Loose Moose Antiques, Nineveh, Ind., had a mixed selection of things, including a standing red fox mount, a large collection of carved bears of different sizes and poses, a very comfortable pair of circa 1940 leather armchairs and a 30-hole cabinet that maybe once was used for mail or possibly bottles, but now could either stand on the floor or hang for any objects that would fit in one of the 4-by-6-inch holes.
A large eagle, carved from one block of wood and originally found in Virginia, dominated the back wall in the booth of Blue Line Antiques, Port Leyden, N.Y. On a smaller scale, other carvings, some painted, were of owls, dogs and several human figures. A large wooden trade sign in the form of a key hung on the back wall, a late Nineteenth Century piece that once hung outside a locksmith’s shop.
“This is our first year at this show and it is really nice, the weather is great, we have a perfect spot with lots of room, and it was easy loading in,” Clifford Wallach said just before the opening of the benefit preview and early buying time. In addition to a number of frames and various sized boxes, this Manalapan, N.J., well-known tramp art dealer brought a few clocks, including a tall case grandfather example with extended elements and topped off with a gold-colored eagle, and a polychrome mantel clock festooned with animals, roses, maple leaves and soldiers, and an English flag and Union Jack surround a photo of King George V.

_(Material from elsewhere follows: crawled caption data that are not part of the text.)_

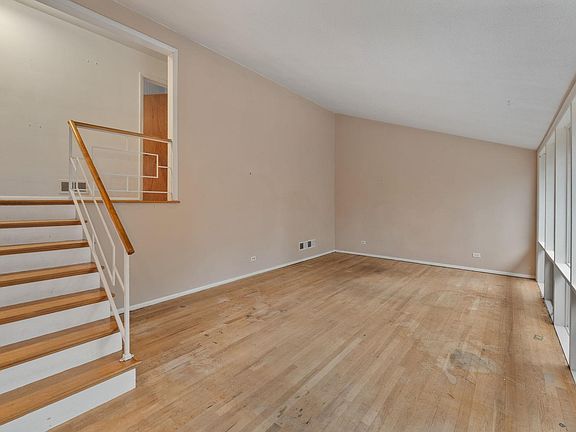 4th image of 2809 Northfield Rd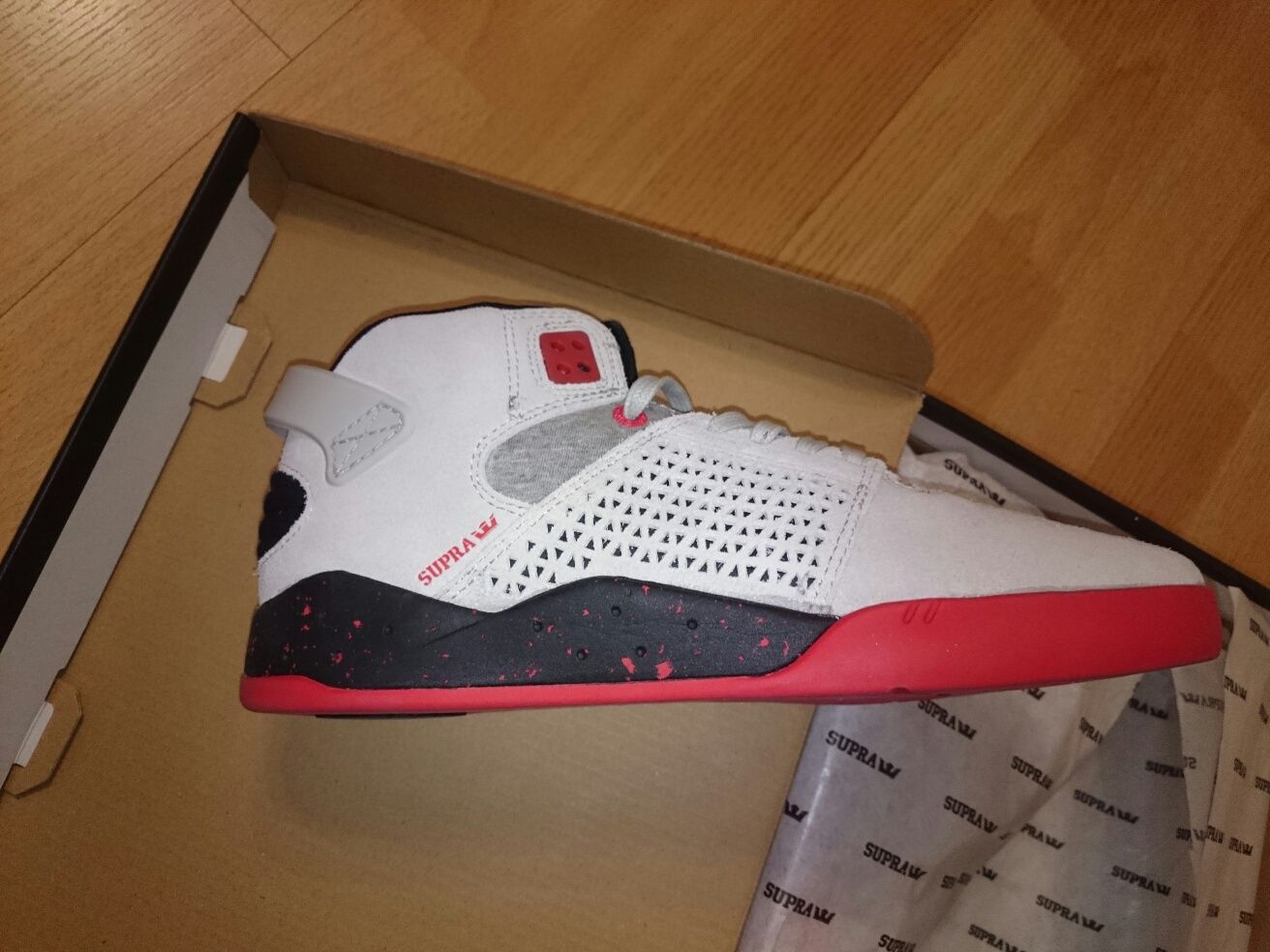 Buty SUPRA skytop III sneaker rozmiar 40 grey red 25,5cm Chada Muski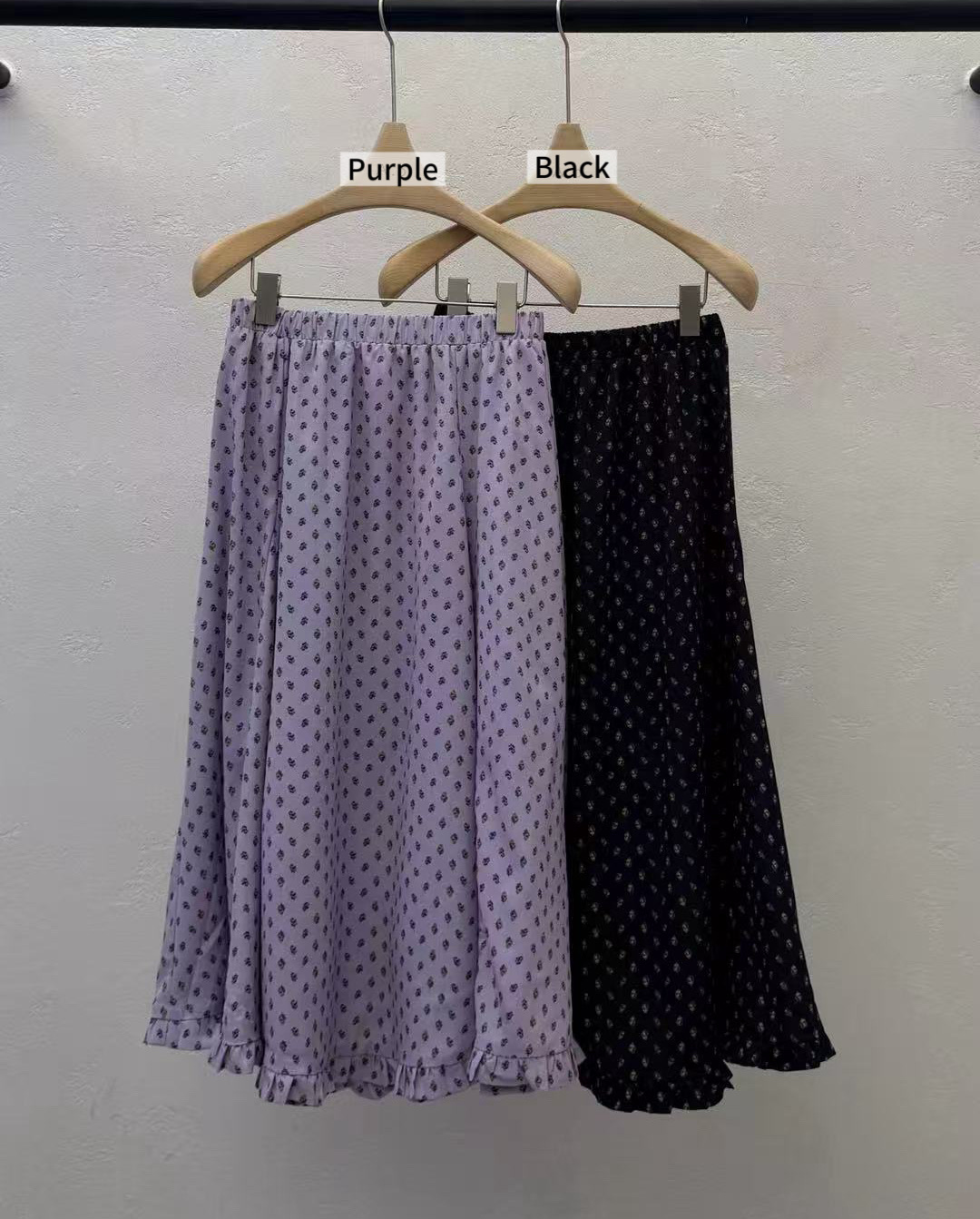 KF38 / ELASTIC WAISTBAND PRINTED SKIRT WITH RUFFLES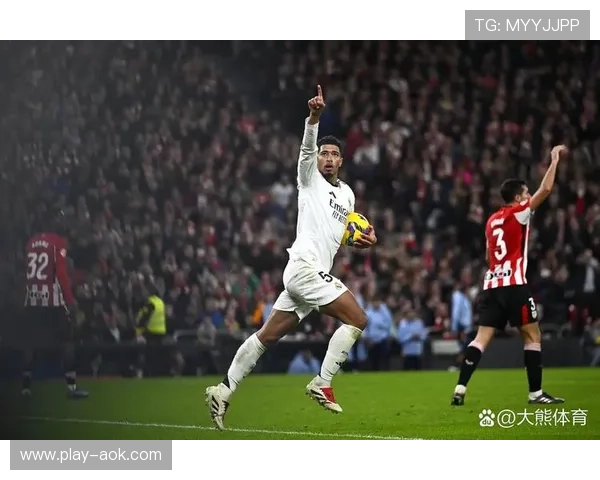 姆巴佩勺子点球致敬迪亚斯,皇马客场锁定胜局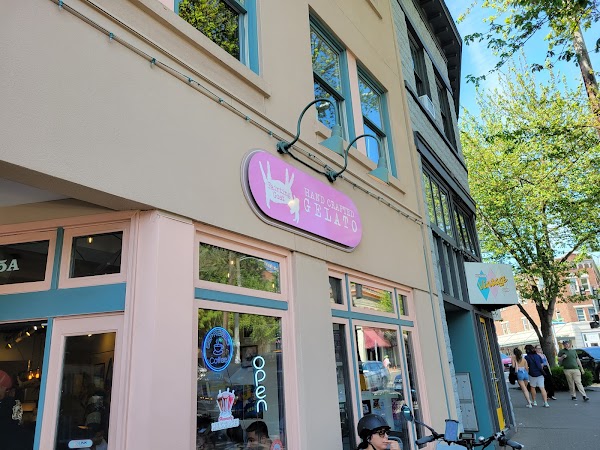 Fainting Goat Gelato - Fremont 1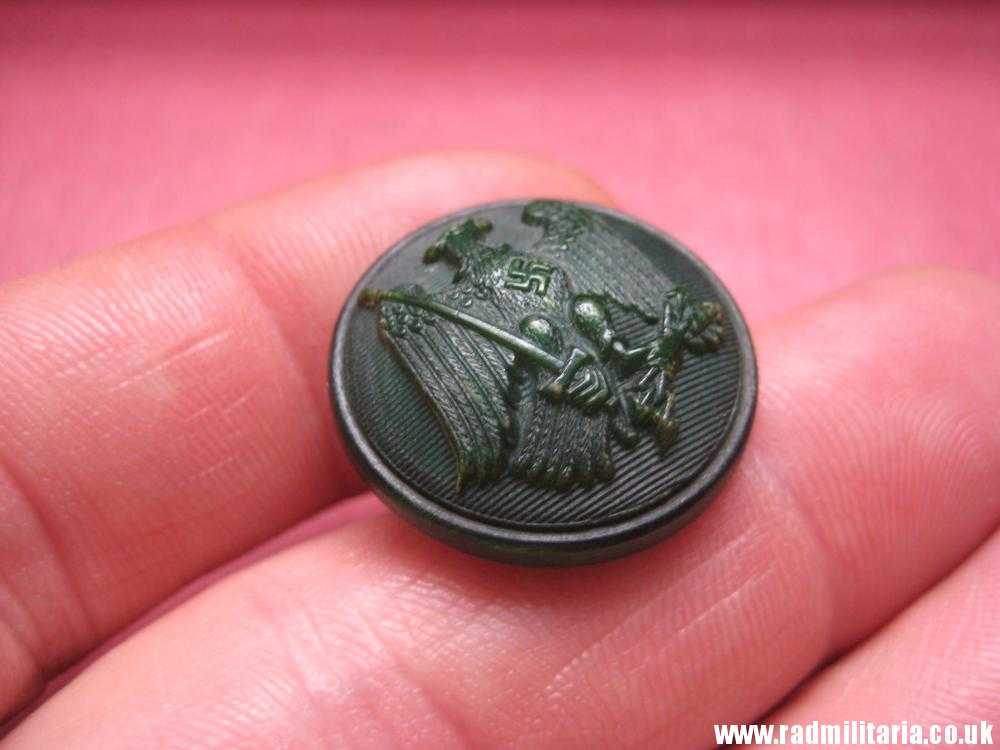 * & WW2 German green bakelit forestry EAGLE BUTTON, rare !! - Image 9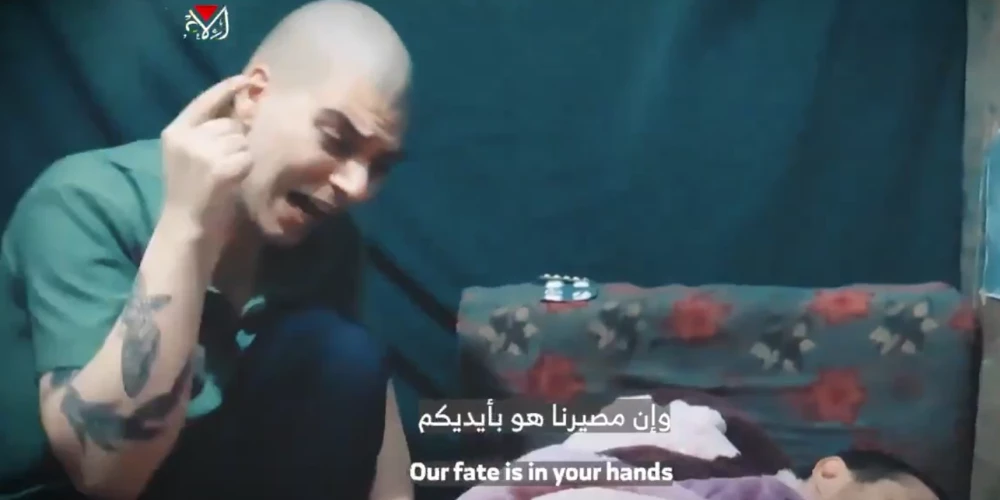 Palestīniešu teroristu ķīlnieki (ekrānuzņēmums no video)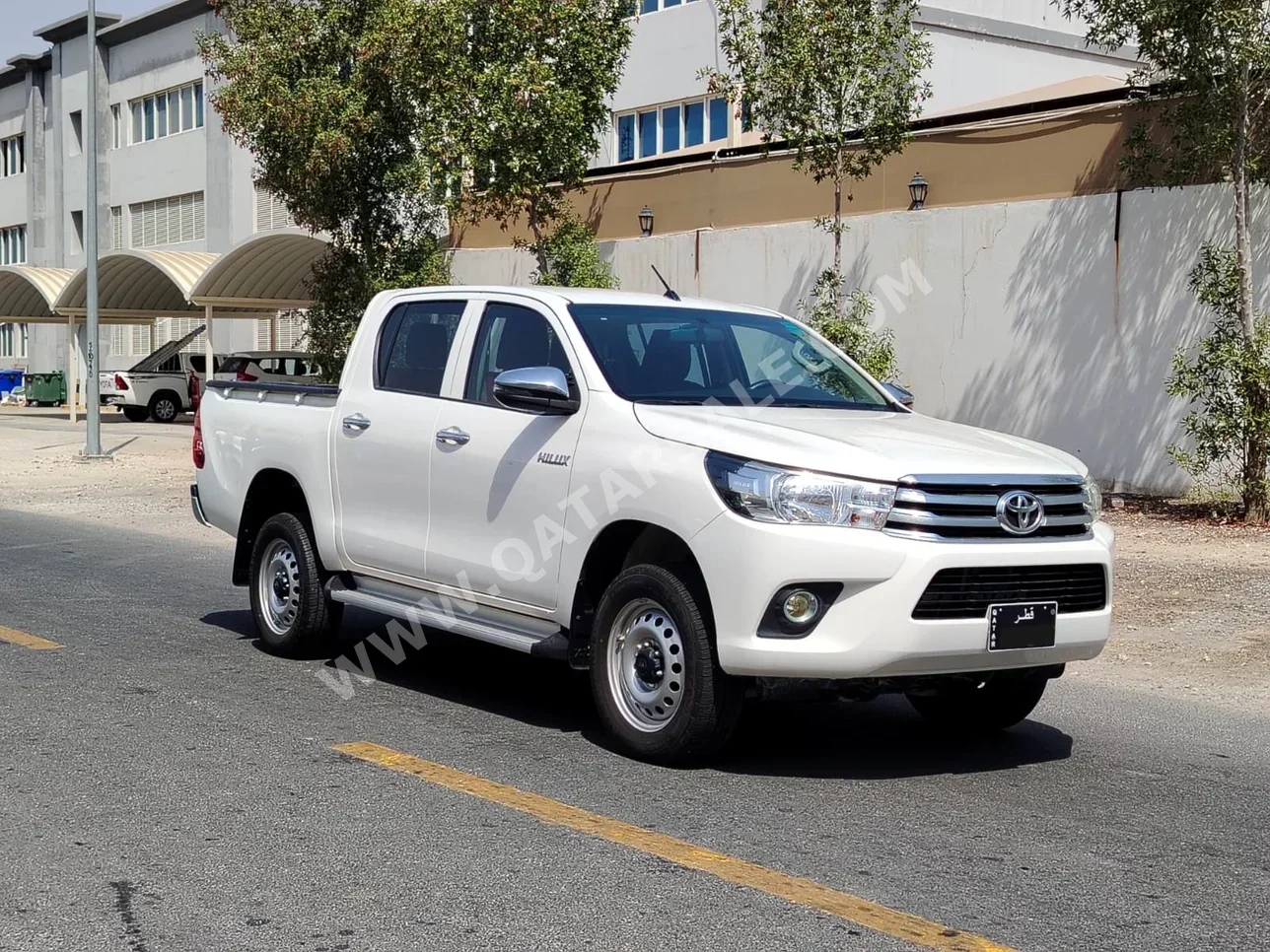 Toyota Hilux 2022 Automatic 37,000 Km 4 Cylinder Four Wheel Drive (4WD) Pick Up White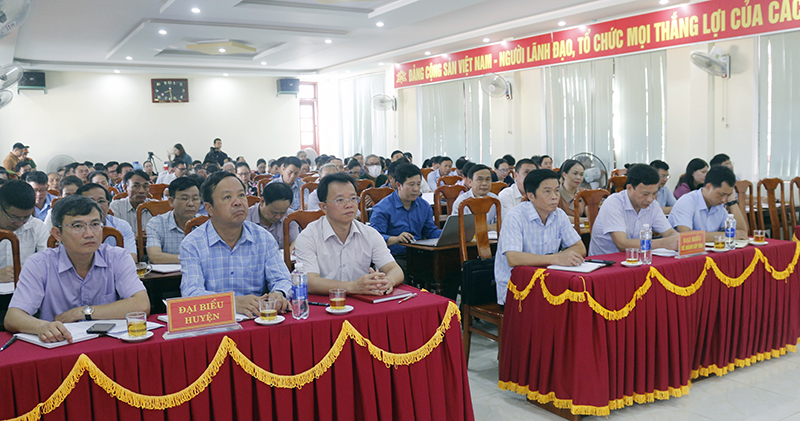 Đại diện lãnh đạo các sở, ngành và huyện Tuyên Hóa tham dự buổi tiếp xúc.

Also new to the show this year was David Allan Ramsay of Cape Porpoise, Maine, and Lake Worth, Fla., with a large collection of cutting boards in a number of different shapes. “We are selling them as a group, since it took so long to put it all together, and there are 11 pigs, 12 fish form and several odd ones,” David said. Covering the major portion of the back wall of the tent was an enlarged 1930s postcard which, until a day before the show, was a fixture in one of the stores in Blue Mountain Lake. “I guess we happened in at just the right time, for the picture had never been for sale, but the owner told us he would sell it,” David said. It pictured the Gardeners Camp at Lake View Lodge, Big Moose Lake, N.Y., and it has been used in a couple of books about the Adirondacks.
John Provo from Plymouth, Minn., had a great spot to set up his booth, with a roof overhead and a view between the trees of a portion of Blue Mountain Lake from the museum’s grounds. There he spread out his furniture, and a few accessories, including an Old Hickory armchair and rocker, an Old Hickory bounce chair and a circa 1920 Adirondack dressing screen decorated with a lake view, lots of trees and a sailboat off in the distance. Inviting people to stay awhile was a signed Indiana willow porch glider, 87 inches long, from which one would get a perfect Adirondack view with mountain-clad trees and a still lake. The window at the back of his booth, pictured, reflects what glider sitters took in.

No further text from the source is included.